In mitochondrial disease, the hoarseness may correlate with the degree of patient fatigue or weakness. Therefore as the day progresses (or with physical or emotional stress), the quality of the voice may change, becoming more hoarse. There may also be some degree of respiratory distress (tachypnea, "can't catch my breath") due to respiratory muscle weakness.

Other primary concerns like aspiration or reflux and swallowing dysfunction may also be associated with a secondary change in the character of the voice, perhaps with stridor.

Mitochondrial Differential Diagnosis

1. Vocal cord dysfunction:

a. Fatigue

b. Neurologic disease, causing paralysis

2. Problems with swallowing:

a. Fatigue

b. Motor incoordination

3. Problems with aspiration or gastroesophageal reflux.

Assessment and Recommendations

1. Determine what symptoms are associated with the hoarseness and whether or not there are any trigger factors, specifically problems with swallowing or possible aspiration.

2. Assess for stridor and/or respiratory distress.

3. Assess for reflux and delayed gastric emptying:

a. Does the patient have post-prandial pain? Is the patient unable to eat a large amount at one time?

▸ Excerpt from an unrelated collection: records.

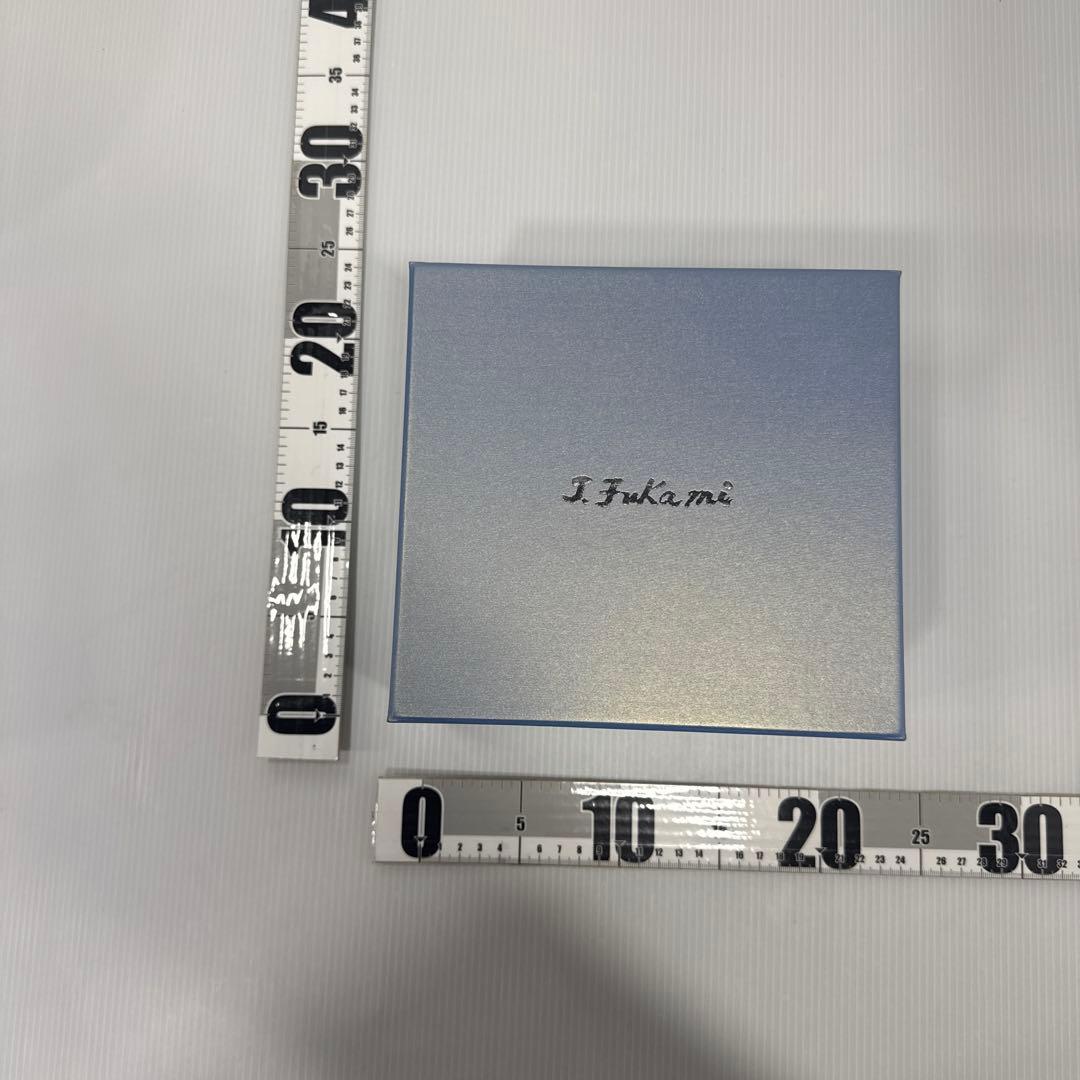 美品 T.Fukami 深見東州 晴天でキラキラしている自由と柴山潟 時計ケース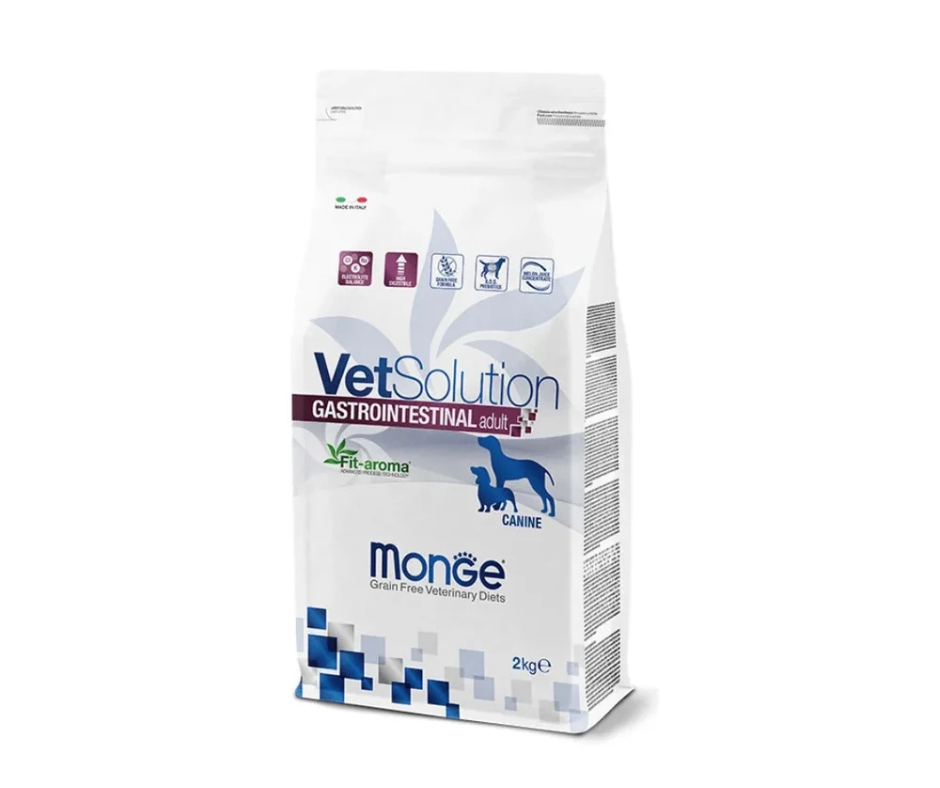 Monge Vet Solution DOG Intestinal 2Kg Bag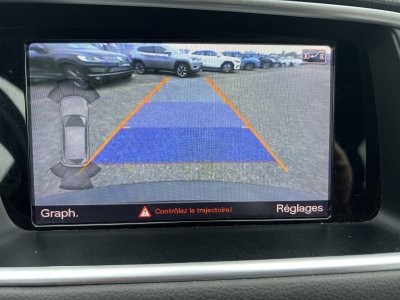 Audi SQ5 30 V6 BiTDI 313ch Quattro Tiptronic8 S-Line GPS Caméra ToitPano   - 16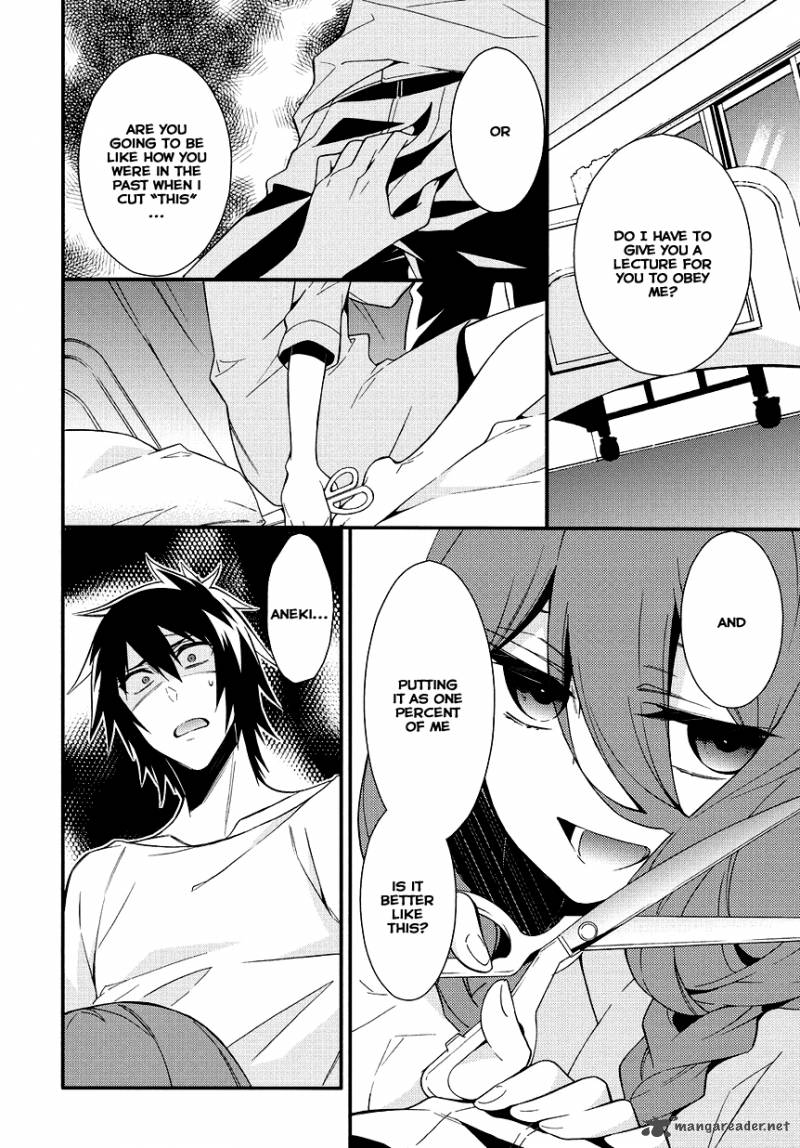 Anorexia Shikabane Hanako Wa Kyoshokushou 5 62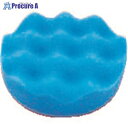 3M フォームバフィングパッド 外径83mm 水色 PN13257 50個 ▼336-1411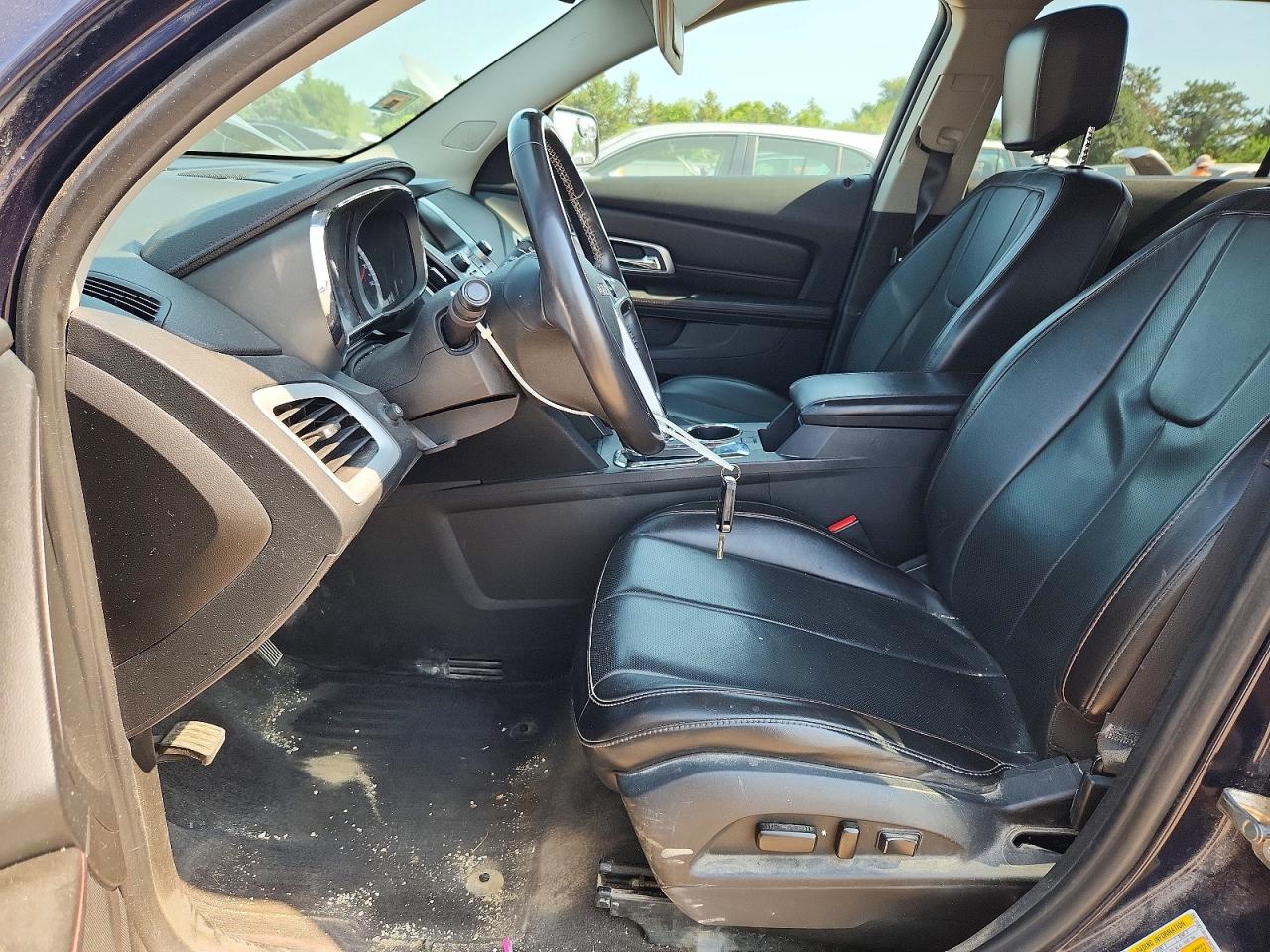 2015 Gmc Terrain Slt Blue vin: 2GKFLSE38F6428760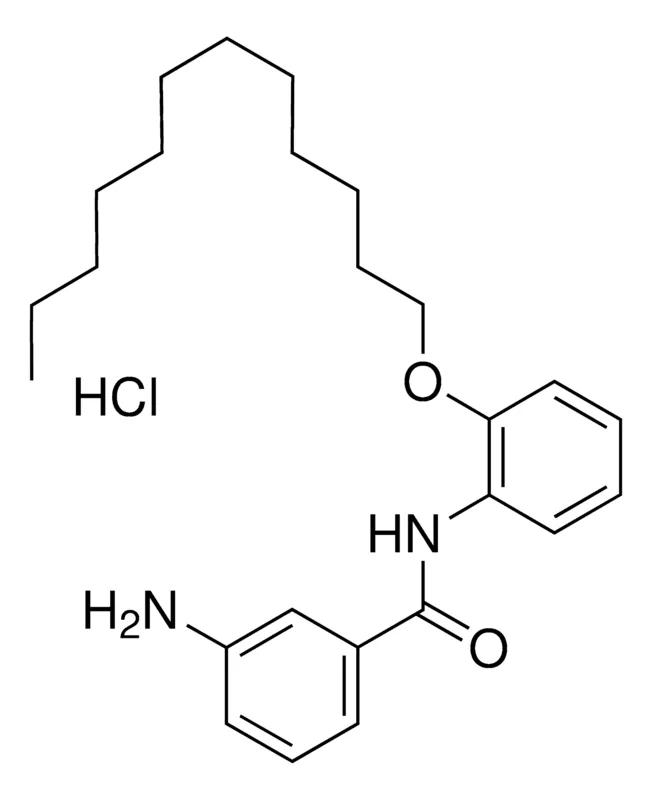 Sigma-Aldrich 3-AMINO-2'-(DODECYLOXY)BENZANILIDE HYDROCHLORIDE，AldrichCPR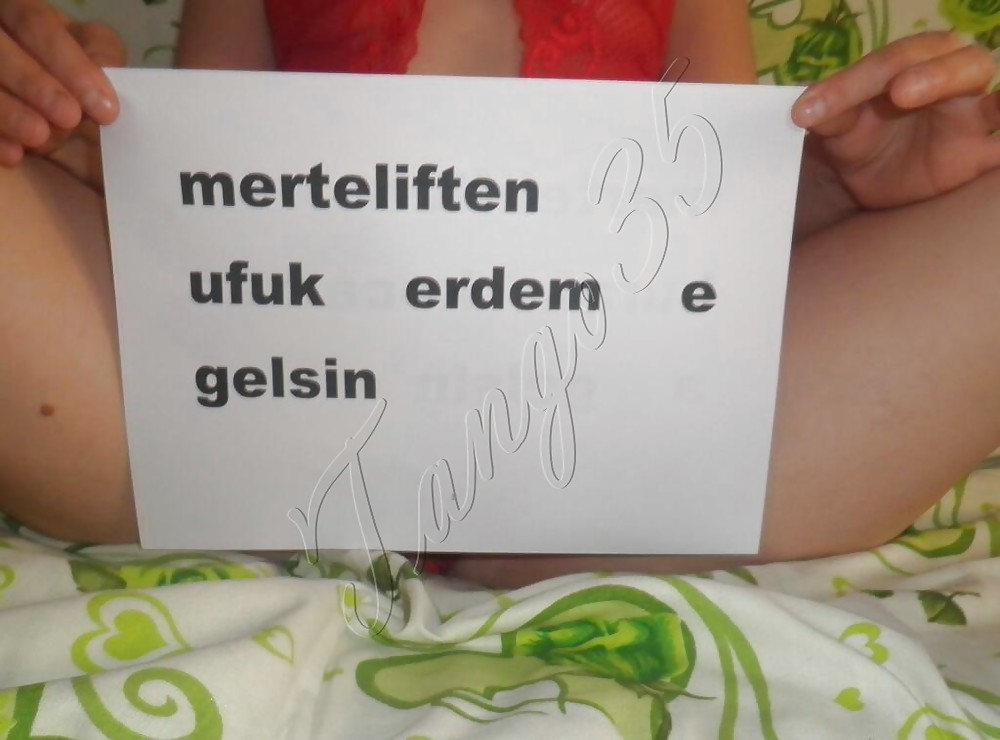 Porn Pics Turkish Couple Mert&Elif 14.03.2013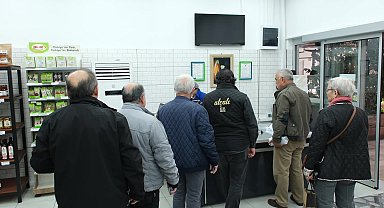 AYDIN BÜYÜKŞEHİR BELEDİYESİ'NİN “EMEKLİ KART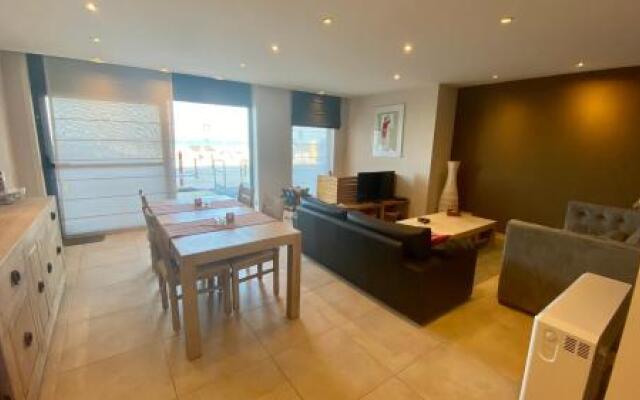 Deluxe Apartment with Shared Pool
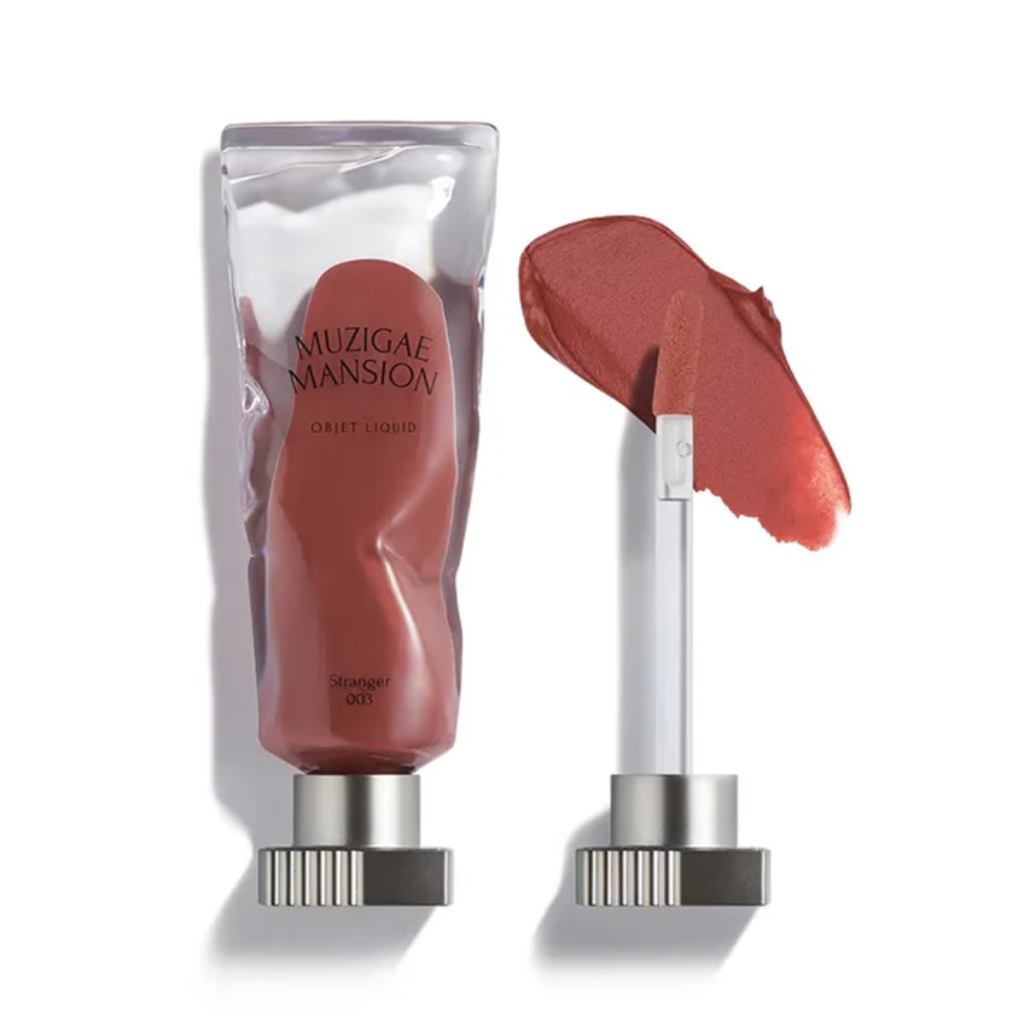 MUZIGAE MANSION 液体哑光雾面唇釉 6ml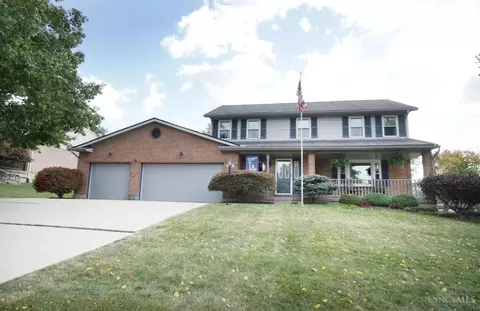 3661 Citation Dr, Hamilton, OH 45011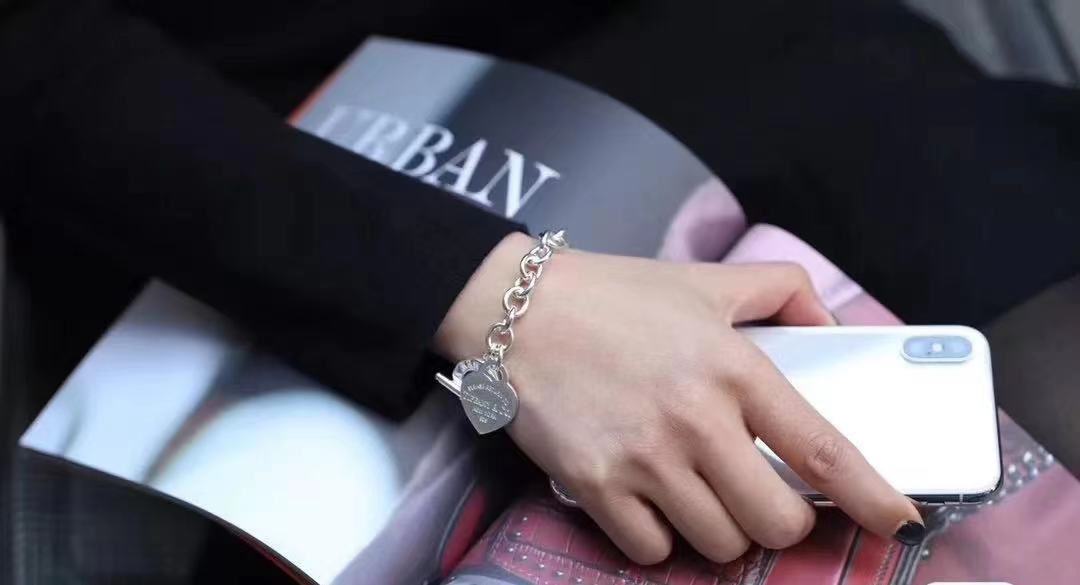 Tiffany & co bracelet 手链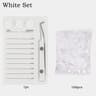 Magnetic Acrylic Eyelash Extension Scale Holder With Glue Pallet Cup 18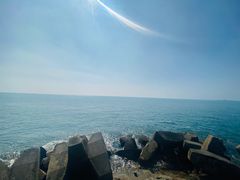 -青岛第二海水浴场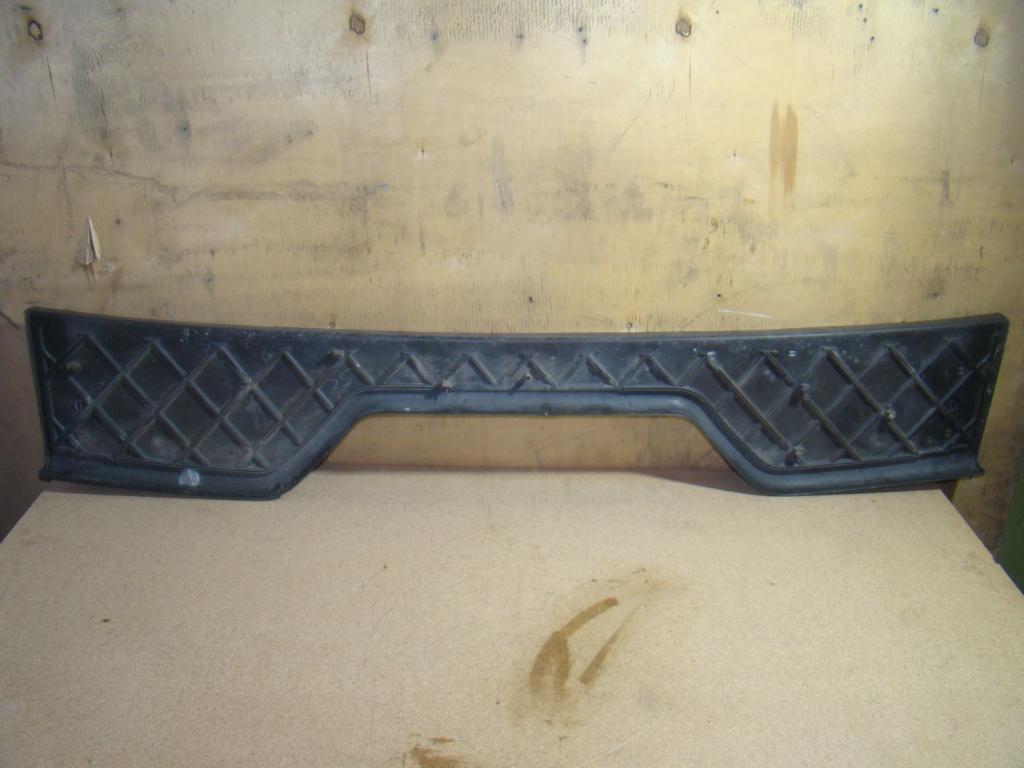 Накладка заднего бампера, 1500 рублей, Пермь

b. Is the patient a grazer (perhaps suggesting that the patient can't tolerate easting big meals) or a meal-eater?

Recommendations

1. For gastroesophageal reflux:

  1. Gastroenterology referral as appropriate (particularly one knowledgeable in but motility issues):
  2. If reflux is present, a trial of anti-reflux medication should be considered.

2. For hoarseness, no matter what the cause:

  1. Refer to otolaryngologist;
  2. Refer to speech pathologist;
  3. Maintain good hydration;
  4. Use of a vaporizer at night;
  5. Avoidance of irritants such as smoke, alcohol, excessive air conditioning or heat, inhaled chemicals, cleaning agents or dust;
  6. Avoidance of excessive stress on the throat including throat-clearing, coughing, whispering;
  7. Avoidance of medications that may compromise the voice;
  8. Reflux laryngitis precautions (Tufts-NEMC, 2007) -
    1. Allow 3 hours between last big meal and going to bed.
    2. Sit upright for at least 1 hour after a meal.
    3. Eat slowly and consider smaller, more frequent meals.
    4. Keep the head of the bed up at a 30° angle or higher.
    5. Take anti-reflux medications.
    6. Avoid foods and drinks that could contribute to reflux laryngitis.
  9. Conserve the voice (Tufts-NEMC, 2007) -

1. Practice voice rest and pacing.

2. Limit talking in noisy places.

3. Touch-distance talking (talk to people only within touching distance).

4. Talk only when facing the listener. Use good posture and alignment.

References

Diamantopoulou P, Ward VM, Harries ML. Kearns-Sayre syndrome: Presenting with vocal cord palsy. J Laryngol Otol 2001;115(12):1021-2.

Feit H, Silbergleit A, Schneider LB, et al. Vocal cord and pharyngeal weakness with autosomal dominant distal myopathy: Clinical description and gene localization to 5q31. Am J Hum Genet 1998;63(6):1732-42.

Lin YC, Lee WT, Wang PJ, Shen YZ. Vocal cord paralysis and hypoventilation in a patient with suspected Leigh disease. Pediatr Neurol 1999;20(3):223-5.

Tufts-New England Medical Center (Tufts-NEMC) - Department of Speech-Language Pathology and Audiology. Voice care guidelines. 2007.